Qual a finalidade das leis e dos direitos? O bem dos homens: uma sociedade em que todos possam viver felizes e bem. Portanto, devem se estender enquanto, e na medida em que, contribuam para esse fim. As leis devem servir aos homens, e não os homens às leis.
O direito de propriedade é essencial à vida humana. Um grande mérito do célebre anarco-capitalista Murray Rothbard é ter provado que, mesmo para se discutir se existe ou não o direito à propriedade privada, é preciso aceitar, em alguma medida, a propriedade privada. Assim, o direito de propriedade é natural e necessário.
Mas até que ponto? Se for absolutizado, leva a injustiças e a situações que realmente não são boas. Todo anarco-capitalista concorda que permitir um homicídio facilmente evitável não seja algo bom. Mas como permitir essa pequena violação que impede um homicídio e não permitir invasões e desapropriações sistemáticas sempre que alguém o considerar benéfico? Onde desenhar a linha?
Esse tipo de pergunta só surge porque os anarco-capitalistas em geral são partidários de direitos definidos a priori e sem margem a qualquer consideração de suas conseqüências para a sociedade (embora o estabelecimento inicial que eles dão ao direito de propriedade tenha bases conseqüencialistas: “se não fosse assim, os homens não poderiam viver”).
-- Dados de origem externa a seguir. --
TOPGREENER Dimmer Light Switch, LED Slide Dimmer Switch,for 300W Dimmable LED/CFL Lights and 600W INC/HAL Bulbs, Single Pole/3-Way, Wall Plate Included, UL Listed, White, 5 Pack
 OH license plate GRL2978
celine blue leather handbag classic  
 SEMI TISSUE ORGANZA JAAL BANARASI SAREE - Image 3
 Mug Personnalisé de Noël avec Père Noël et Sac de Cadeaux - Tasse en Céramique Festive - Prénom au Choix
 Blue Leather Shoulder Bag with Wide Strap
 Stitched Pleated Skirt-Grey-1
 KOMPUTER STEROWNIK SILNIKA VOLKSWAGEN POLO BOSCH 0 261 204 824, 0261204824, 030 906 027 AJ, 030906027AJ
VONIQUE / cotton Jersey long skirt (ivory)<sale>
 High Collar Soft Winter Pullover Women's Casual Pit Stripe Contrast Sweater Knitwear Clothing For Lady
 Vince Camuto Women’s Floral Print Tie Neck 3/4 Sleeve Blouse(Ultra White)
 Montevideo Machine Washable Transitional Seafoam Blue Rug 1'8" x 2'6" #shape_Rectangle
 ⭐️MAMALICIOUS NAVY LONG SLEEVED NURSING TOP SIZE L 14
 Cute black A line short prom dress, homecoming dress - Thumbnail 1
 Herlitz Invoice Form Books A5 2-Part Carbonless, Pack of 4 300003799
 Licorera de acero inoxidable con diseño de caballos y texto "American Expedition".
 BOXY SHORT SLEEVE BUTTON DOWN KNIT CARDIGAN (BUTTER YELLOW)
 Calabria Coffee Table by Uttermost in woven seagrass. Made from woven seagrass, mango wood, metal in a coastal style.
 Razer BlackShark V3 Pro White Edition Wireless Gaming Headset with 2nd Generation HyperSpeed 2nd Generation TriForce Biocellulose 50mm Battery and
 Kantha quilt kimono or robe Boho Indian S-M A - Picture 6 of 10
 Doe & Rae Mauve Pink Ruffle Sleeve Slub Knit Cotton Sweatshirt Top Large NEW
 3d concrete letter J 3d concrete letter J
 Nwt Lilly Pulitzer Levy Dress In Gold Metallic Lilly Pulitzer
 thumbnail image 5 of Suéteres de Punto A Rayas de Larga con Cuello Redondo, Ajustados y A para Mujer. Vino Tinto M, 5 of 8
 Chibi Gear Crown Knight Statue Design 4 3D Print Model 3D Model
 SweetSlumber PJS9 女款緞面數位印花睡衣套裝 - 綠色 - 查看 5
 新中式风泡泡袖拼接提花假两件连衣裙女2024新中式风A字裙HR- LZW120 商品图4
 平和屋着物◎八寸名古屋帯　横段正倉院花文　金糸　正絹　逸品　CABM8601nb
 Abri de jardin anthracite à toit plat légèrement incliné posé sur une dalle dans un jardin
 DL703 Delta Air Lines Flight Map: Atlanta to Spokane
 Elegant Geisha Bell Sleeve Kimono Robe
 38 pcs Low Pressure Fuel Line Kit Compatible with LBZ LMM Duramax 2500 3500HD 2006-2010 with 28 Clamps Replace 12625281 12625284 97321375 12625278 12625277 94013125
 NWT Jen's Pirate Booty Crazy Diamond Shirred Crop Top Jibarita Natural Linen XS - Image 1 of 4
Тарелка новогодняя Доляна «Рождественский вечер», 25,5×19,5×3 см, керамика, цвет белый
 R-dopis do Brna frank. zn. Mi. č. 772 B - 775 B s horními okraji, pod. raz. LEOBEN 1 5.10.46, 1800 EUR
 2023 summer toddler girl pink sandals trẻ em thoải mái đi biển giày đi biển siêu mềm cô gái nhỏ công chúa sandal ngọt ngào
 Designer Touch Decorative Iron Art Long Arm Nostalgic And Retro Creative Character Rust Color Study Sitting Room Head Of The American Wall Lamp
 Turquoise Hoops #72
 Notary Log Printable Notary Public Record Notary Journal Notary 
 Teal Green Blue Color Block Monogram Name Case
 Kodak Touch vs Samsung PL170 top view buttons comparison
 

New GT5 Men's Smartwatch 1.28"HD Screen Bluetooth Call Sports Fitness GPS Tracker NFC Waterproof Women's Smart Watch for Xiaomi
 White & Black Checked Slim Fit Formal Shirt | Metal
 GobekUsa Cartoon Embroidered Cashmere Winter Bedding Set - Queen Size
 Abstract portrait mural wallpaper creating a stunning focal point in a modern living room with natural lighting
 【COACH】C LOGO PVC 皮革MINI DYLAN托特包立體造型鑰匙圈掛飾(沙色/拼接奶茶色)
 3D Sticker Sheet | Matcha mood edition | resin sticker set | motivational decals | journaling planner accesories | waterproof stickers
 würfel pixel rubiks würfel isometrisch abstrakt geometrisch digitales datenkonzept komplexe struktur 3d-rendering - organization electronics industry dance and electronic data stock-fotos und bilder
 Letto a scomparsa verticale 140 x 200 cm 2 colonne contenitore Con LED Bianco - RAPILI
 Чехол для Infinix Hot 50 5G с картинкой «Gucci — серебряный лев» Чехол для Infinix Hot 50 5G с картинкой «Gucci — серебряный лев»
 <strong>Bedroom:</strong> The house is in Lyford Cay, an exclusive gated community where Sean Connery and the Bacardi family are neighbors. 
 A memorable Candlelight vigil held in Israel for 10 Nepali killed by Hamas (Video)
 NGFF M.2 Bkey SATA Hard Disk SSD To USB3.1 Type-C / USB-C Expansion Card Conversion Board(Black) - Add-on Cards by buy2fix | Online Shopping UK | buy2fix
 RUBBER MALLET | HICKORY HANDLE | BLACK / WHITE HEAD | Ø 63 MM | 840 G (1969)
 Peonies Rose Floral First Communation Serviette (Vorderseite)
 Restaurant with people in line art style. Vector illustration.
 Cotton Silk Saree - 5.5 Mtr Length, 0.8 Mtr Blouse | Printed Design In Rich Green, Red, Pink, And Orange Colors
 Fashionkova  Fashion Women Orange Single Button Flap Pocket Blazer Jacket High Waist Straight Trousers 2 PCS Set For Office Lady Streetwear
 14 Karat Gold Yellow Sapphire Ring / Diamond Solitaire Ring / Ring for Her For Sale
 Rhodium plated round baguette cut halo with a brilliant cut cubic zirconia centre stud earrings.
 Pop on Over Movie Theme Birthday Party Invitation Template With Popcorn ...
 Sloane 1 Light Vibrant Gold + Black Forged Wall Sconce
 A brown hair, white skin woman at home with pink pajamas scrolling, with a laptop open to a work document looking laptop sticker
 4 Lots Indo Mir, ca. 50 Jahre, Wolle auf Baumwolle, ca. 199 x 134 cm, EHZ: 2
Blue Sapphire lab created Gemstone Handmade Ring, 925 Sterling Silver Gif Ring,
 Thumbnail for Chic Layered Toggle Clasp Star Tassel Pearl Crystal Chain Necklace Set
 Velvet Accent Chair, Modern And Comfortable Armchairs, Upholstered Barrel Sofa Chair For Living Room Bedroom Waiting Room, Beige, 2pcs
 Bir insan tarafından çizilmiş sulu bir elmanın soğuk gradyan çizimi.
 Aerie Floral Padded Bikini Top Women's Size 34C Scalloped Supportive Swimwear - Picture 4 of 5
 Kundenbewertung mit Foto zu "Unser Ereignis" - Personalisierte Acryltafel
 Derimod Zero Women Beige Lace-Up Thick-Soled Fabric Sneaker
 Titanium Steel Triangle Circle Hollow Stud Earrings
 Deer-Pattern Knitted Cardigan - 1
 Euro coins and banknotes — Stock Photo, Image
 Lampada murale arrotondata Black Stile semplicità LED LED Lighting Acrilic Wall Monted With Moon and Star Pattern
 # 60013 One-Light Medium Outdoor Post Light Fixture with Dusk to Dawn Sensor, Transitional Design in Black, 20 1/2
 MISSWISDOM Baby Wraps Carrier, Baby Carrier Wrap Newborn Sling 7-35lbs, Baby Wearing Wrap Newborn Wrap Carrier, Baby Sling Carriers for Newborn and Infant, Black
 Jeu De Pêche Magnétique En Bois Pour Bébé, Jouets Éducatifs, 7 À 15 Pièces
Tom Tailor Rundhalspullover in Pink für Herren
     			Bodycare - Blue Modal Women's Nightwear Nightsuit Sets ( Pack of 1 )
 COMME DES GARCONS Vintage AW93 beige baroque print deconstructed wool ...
Não há como um código legal prever todos os casos da realidade. A legislação tem que abrir espaço para que se aprenda com a prática e o costume dos povos (o que não significa que o costume legitime tudo; ele também é bom enquanto contribui para o bem dos homens). A diferença entre alguém que, no momento de emergência, usa a propriedade do outro sem pedir permissão, e alguém que rouba um carro para impressionar a namorada, é óbvia na prática, embora não seja possível expressá-la em termos puramente abstratos. A lei, que está preocupada com a vida concreta dos homens, deve levar em conta essas diferenças práticas. Permitir o primeiro caso impede muitas injustiças e evita muitos sofrimentos; permitir o segundo leva ao caos e à barbárie.
Por isso que o estudo da ciência econômica é tão importante para a organização da sociedade. É por meio da economia que sabemos o efeito de diversas possíveis leis, medidas e impostos. Para um anarco-capitalista rothbardiano a economia é irrelevante: não importam as conseqüências; o princípio da não-iniciação de agressão fornece todas as respostas a todas as possíveis questões da organização social.
Sempre repito a mesma pergunta aos anarquistas: se fosse provado que um imposto de 1 centavo sobre cada pessoa pudesse gerar uma grande melhora no padrão de vida de todos, que caso contrário viveriam em condições precárias, esse imposto deveria ser aceito? Se sim, então concordam comigo e são, na verdade, conseqüencialistas. Se não, por que sacrificar a vida e o bem da humanidade para salvaguardar um direito abstrato?